You're lumping people together into a group called "girls" which is problematic. It would be a sweeping generalisation (and an expression of limited thinking) to assume that all girls judge all guys in the same way and even in the same way according to appearance.

"I think the reasons why girls like well toned men are actually pretty complex,"

The assumption is that girls (I assume you mean "all girls" in this context) like toned men. Some women don't like the muscle look.

"but in my opinion it's likely the result of social conditioning(ken had a six pack and that was good enough for barbie after all)"

I've seen the Ken dolls and to be honest, there's not much of a six pack there. Indeed, there's huge evidence where the Ken Doll is concerned to argue that he's more metro-sexual than muscular. I mean, he was never exactly a "man's man/doll" now was he?

"and instinct. Most men like a girl that looks healthy and slim with an hour glass figure"

Erm...hang on just a second here. Most men? Men can and do like women of all shapes and sizes for various reasons.

" and doe eyes as these features tend to be associated with femininity."

Are they?

"Women like a well toned man because it makes him look strong, athletic and healthy."

This may be the reason why some women may like the "well toned man". A lot of women don't like that look for various reasons. There's also evidence to suggest that some women find the well toned man pretentious, in love with himself and even effeminate.

"Also regardless of where they stand on the feminism spectrum most females are drawn to a man that looks like he can protect them."

Sweeping generalisation and limited thinking. Also massive assumption. "looks he can protect them" is more than open to individual interpretation and there's also an argument for the fact that the whole "protection" thing would be more to do with character, confidence and the way a man carries himself than it would be to do with looks.

"Muscles tend to lend an air of masculinity to guy which attracts women in a very primal way."

Perhaps. Some women may go for the muscle man look. Others may not.

"But don't get me wrong, if a guy looks great but also acts like a jerk he looses attractiveness points very quickly. Personality wise women find gentle nurturing most attractive."

Different women are going to find different personality traits attractive. Indeed, the same woman can find different personality traits attractive and unattractive over a time period and the whole thing is fluid and ever changing as what she wants changes.

"That's why Spencer Rowell's iconic picture of a well muscled guy delicately holding a baby became so popular...it visually depicts all the aspects of guy that women are instinctively drawn to...health, strength, protectiveness, ability to nurture etc"

And is that type of guy attractive to the women who don't want children? Can the belief system hold itself. Because some women are not going to care too much about strength, protectiveness or ability to nurture or anything else which is assumed by a belief system informed by false ideals about what is supposed to be masculine.
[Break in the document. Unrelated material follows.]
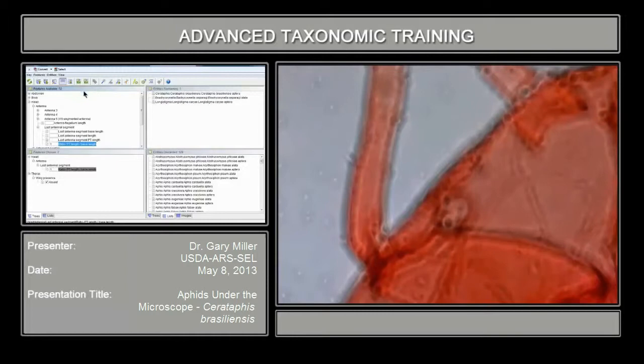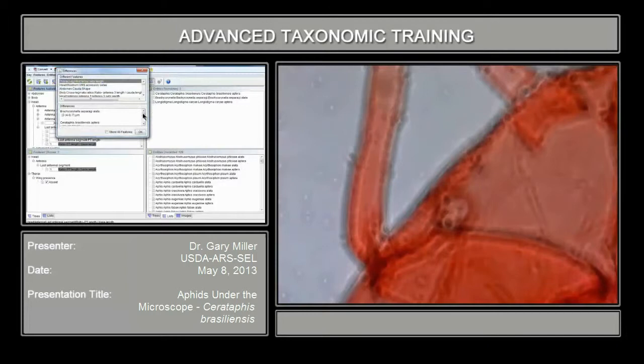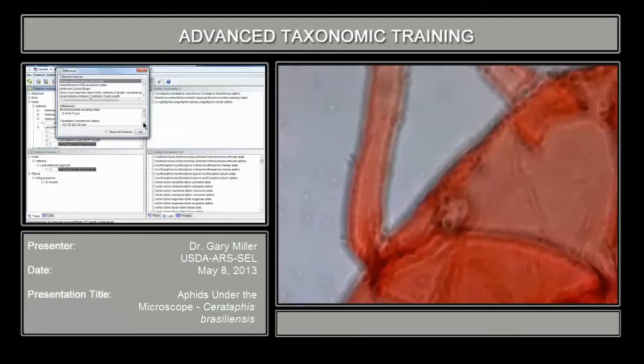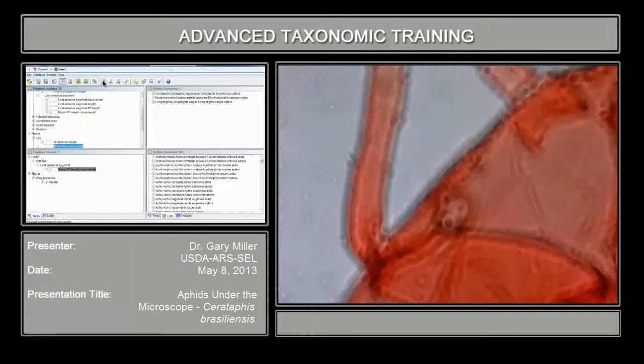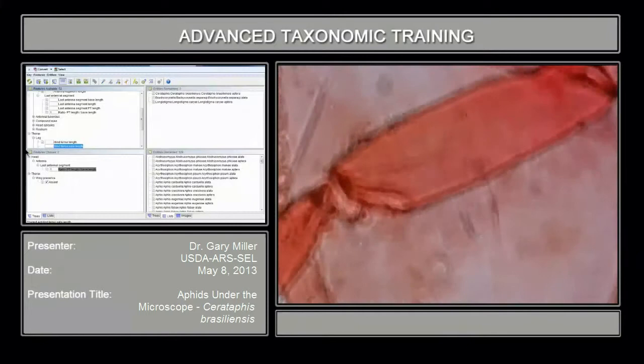We're down to three taxa, three species. This is a case where you may want to look at the differences between them. For some reason, the alata came up as one of them, and we know it's certainly not an alate. But we can look at the differences regarding the hind femur seta length — you can see the ranges listed there.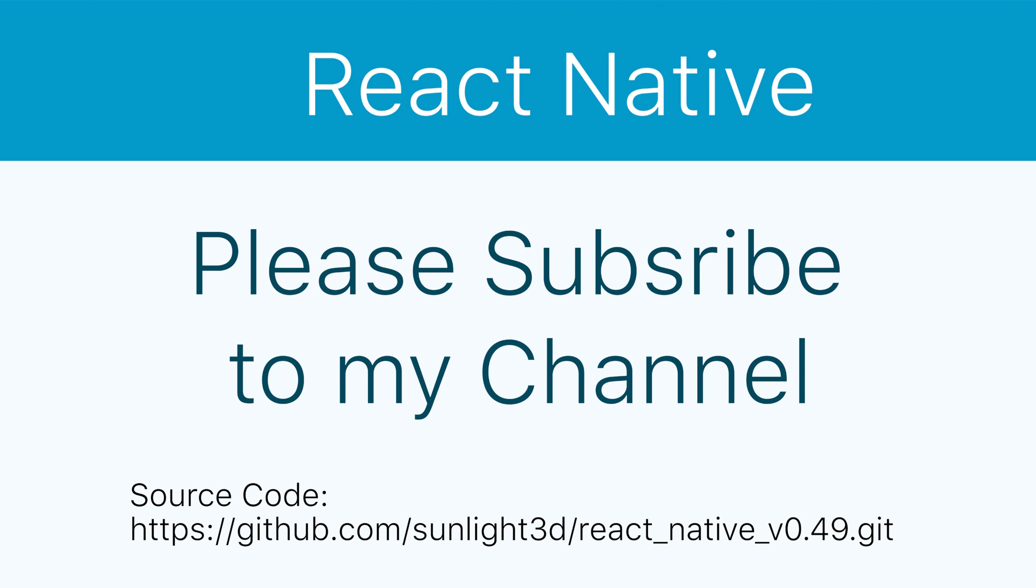Thank you very much for watching this lesson today. Please subscribe to my channel for more exciting videos or download code from GitHub here.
Many things can be masculine. It is not set in stone.

There is a belief system floating about that you have to look a certain way/conform to a certain type of look in order to attract or be attractive to women. Now, this belief system still holds me back as much as it holds anyone else back but it is a belief system. The enemy of attraction is not lack of muscles. Heck, the amount of times I've seen a larger than average man and then seen his rather hot girlfriend. You see men without the six pack dating and attracting women. The enemy of attraction is insecurity. I've stood at parties with male models who are talking to me because they can't approach or talk to women and those women, despite their looks, are not coming over to talk to them.


----------



## CandySays (Apr 6, 2008)

I like lean guys with visible muscle mass because it reflects a lifestyle I find attractive for what it takes as a person...dedication, commitment, sacrifice. Plus, being healthy means better at dealing with stress and less risk of ailments in older age. Looks are only a bonus when it comes to being healthy.


----------



## Classified (Dec 7, 2004)

I wish it was as easy to explain as get a tan, exercise hard, and eat right...

Guys never really know why girls find certain guys attractive. They make a lot of bad choices for some reason. But, we also don't understand why Justin Beiber, Michael Cera, and boy bands (or any other guy like them) gets the attention they do. A lot of us looked just like them, yet no girls liked us, let alone stalked us and hung posters of us on their walls...


----------



## KittyGirl (May 14, 2010)

These guys are celebrities though-- unlike other average looking guys; they have been in movies where they portrayed charismatic, sweet, interesting _'heroes'_. 
I'm not a 'celebuphile' in the least... but I can understand how girls will _'fall for'_ regular looking guys on the big screen because they are playing a part- and that part is their dream guy- or just a sweet/awkward guy they would want to be around because he'd make them feel good about themselves; like he did for his love interest in the movie.

Movies are fantasy.
It's much easier to be in love with a _'perfect' _fantasy than to look for a _'normal'_ guy in this _'boring'_ world of reality.
XD


----------



## benyamin (May 11, 2010)

Classified said:


> I wish it was as easy to explain as get a tan, exercise hard, and eat right...
> 
> Guys never really know why girls find certain guys attractive. They make a lot of bad choices for some reason. But, we also don't understand why Justin Beiber, Michael Cera, and boy bands (or any other guy like them) gets the attention they do. A lot of us looked just like them, yet no girls liked us, let alone stalked us and hung posters of us on their walls...


They display a higher value and for that reason girls love them


----------



## DeeperUnderstanding (May 19, 2007)

I can understand why celebrities are hotter than the average guy or girl that looks like them...it's because they're *unattainable*, so they're more attractive.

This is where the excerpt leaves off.